--- What you need to do ---
In this exercise, print only the lines of the records below from the one with "1997 Tarihli 22887" through the one with "如何制作漂亮PPT教学内容_第4页", inclusive. Pictures are not part of the copy.

--- Data for analysis ---
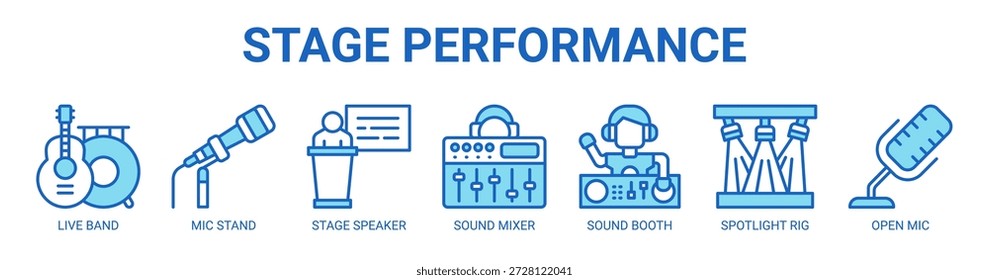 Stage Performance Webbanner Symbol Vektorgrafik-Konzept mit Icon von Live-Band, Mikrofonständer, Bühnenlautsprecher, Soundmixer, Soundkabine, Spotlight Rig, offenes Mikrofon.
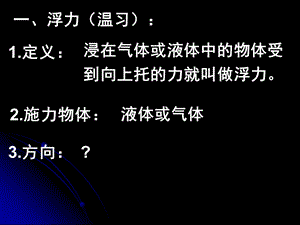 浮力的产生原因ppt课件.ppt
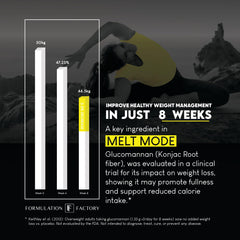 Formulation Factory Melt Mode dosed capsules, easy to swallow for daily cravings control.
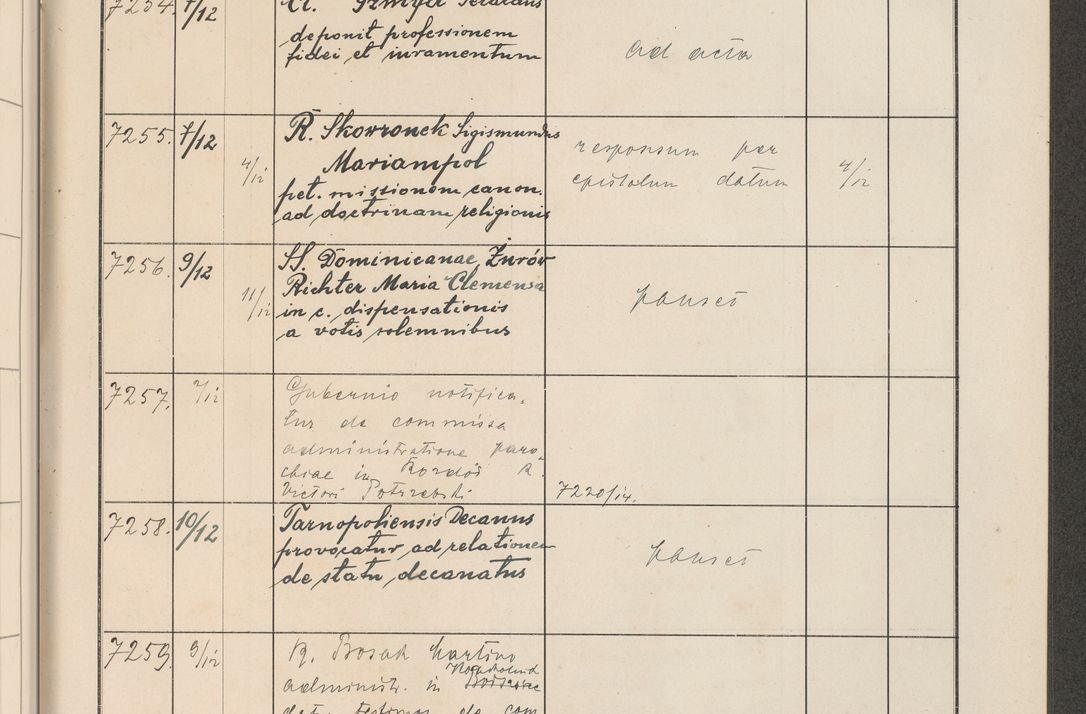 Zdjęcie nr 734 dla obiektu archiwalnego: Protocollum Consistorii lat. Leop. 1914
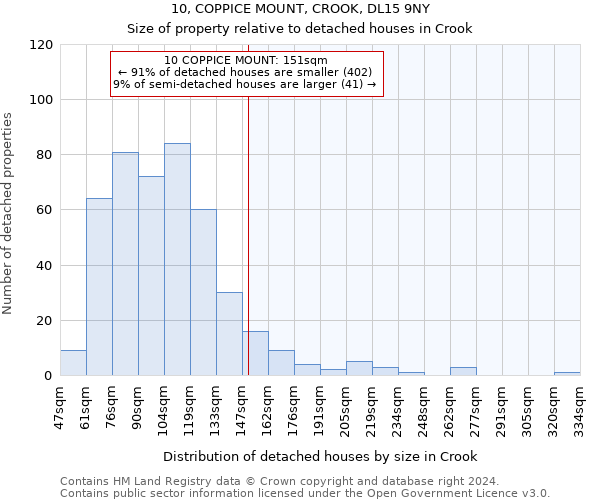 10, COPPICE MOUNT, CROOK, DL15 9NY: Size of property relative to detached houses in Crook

==

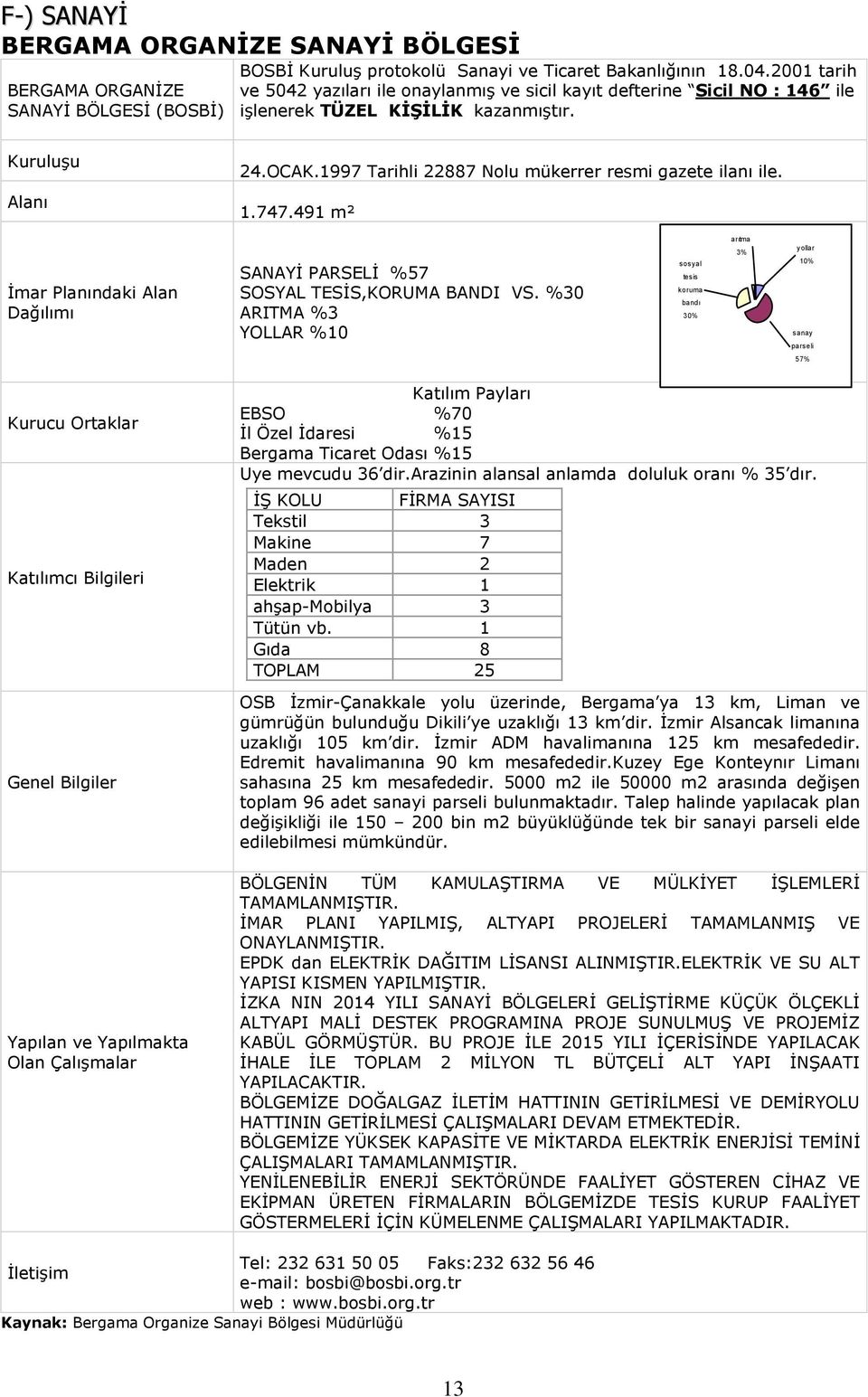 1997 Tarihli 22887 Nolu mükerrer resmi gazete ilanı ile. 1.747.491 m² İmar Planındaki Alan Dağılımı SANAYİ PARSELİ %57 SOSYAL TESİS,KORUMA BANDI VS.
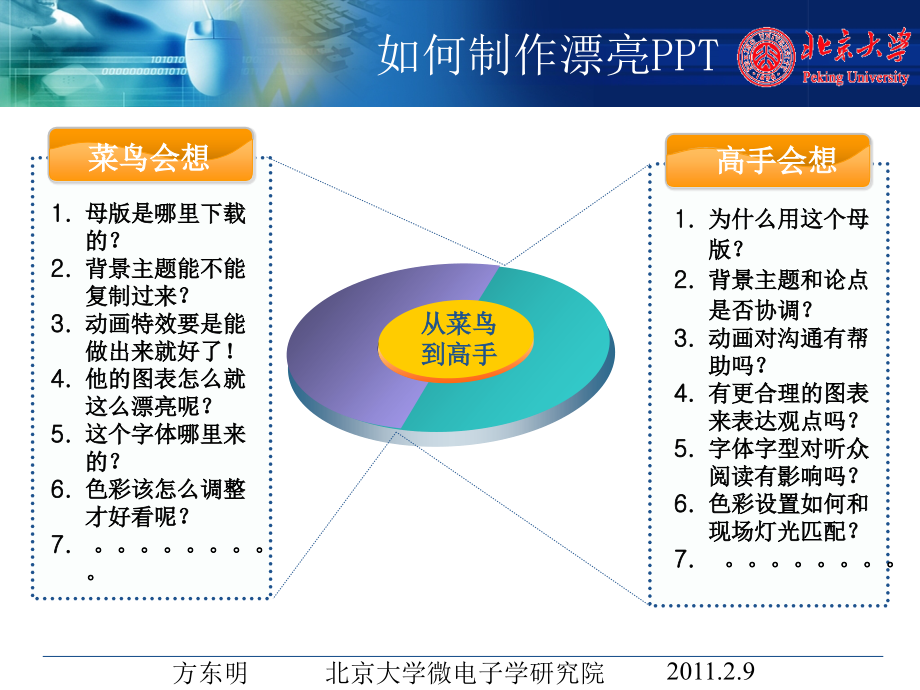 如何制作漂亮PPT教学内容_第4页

==

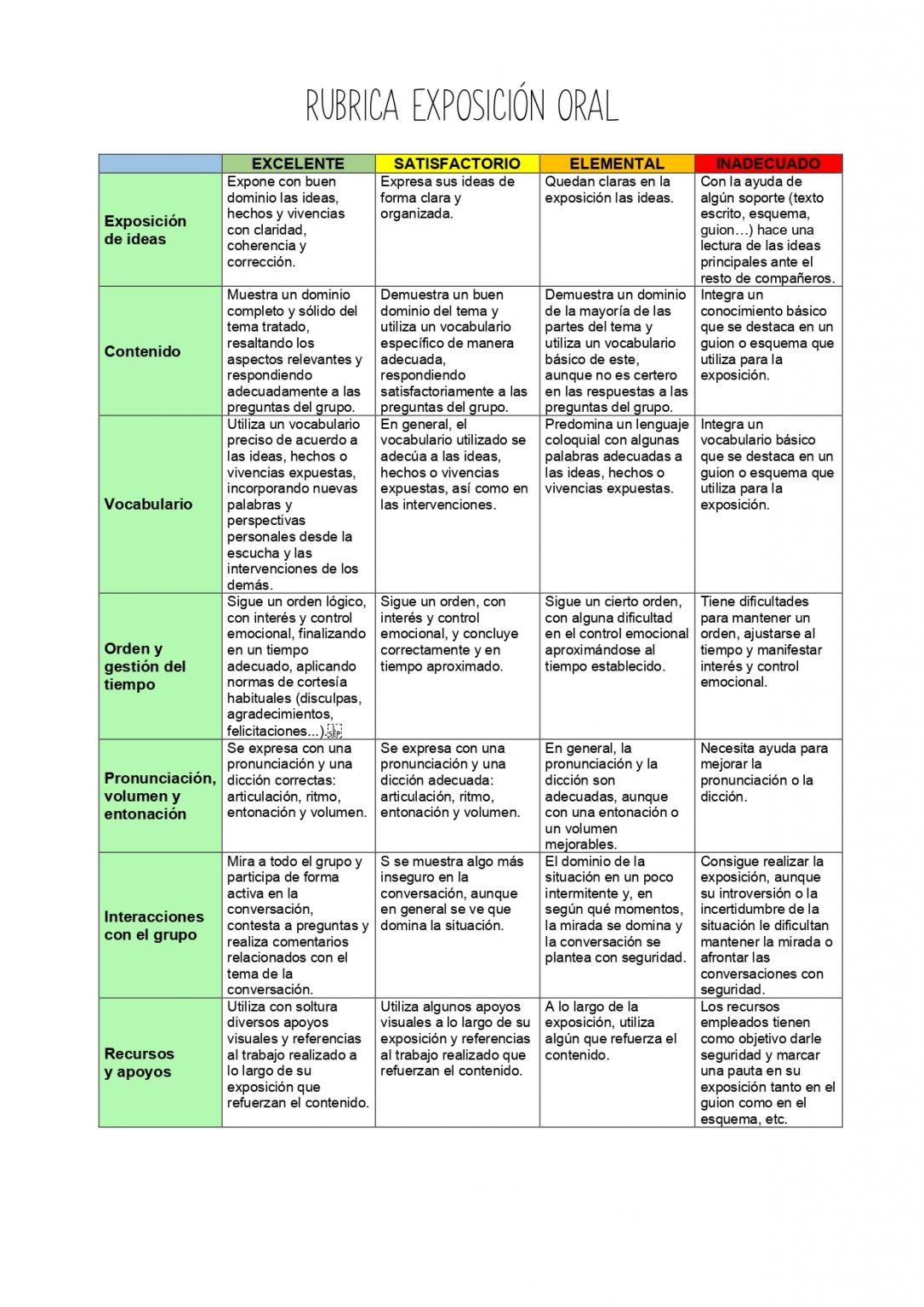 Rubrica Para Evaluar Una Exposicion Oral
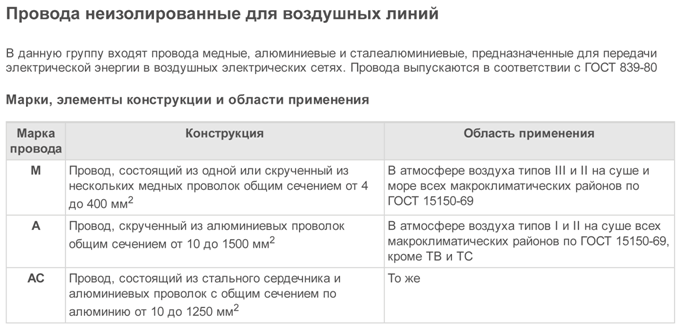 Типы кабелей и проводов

--- Answer to this task ---
 1997 Tarihli 22887 Nolu mükerrer resmi gazete ilanı ile. 1.747.491 m² İmar Planındaki Alan Dağılımı SANAYİ PARSELİ %57 SOSYAL TESİS,KORUMA BANDI VS.
 如何制作漂亮PPT教学内容_第4页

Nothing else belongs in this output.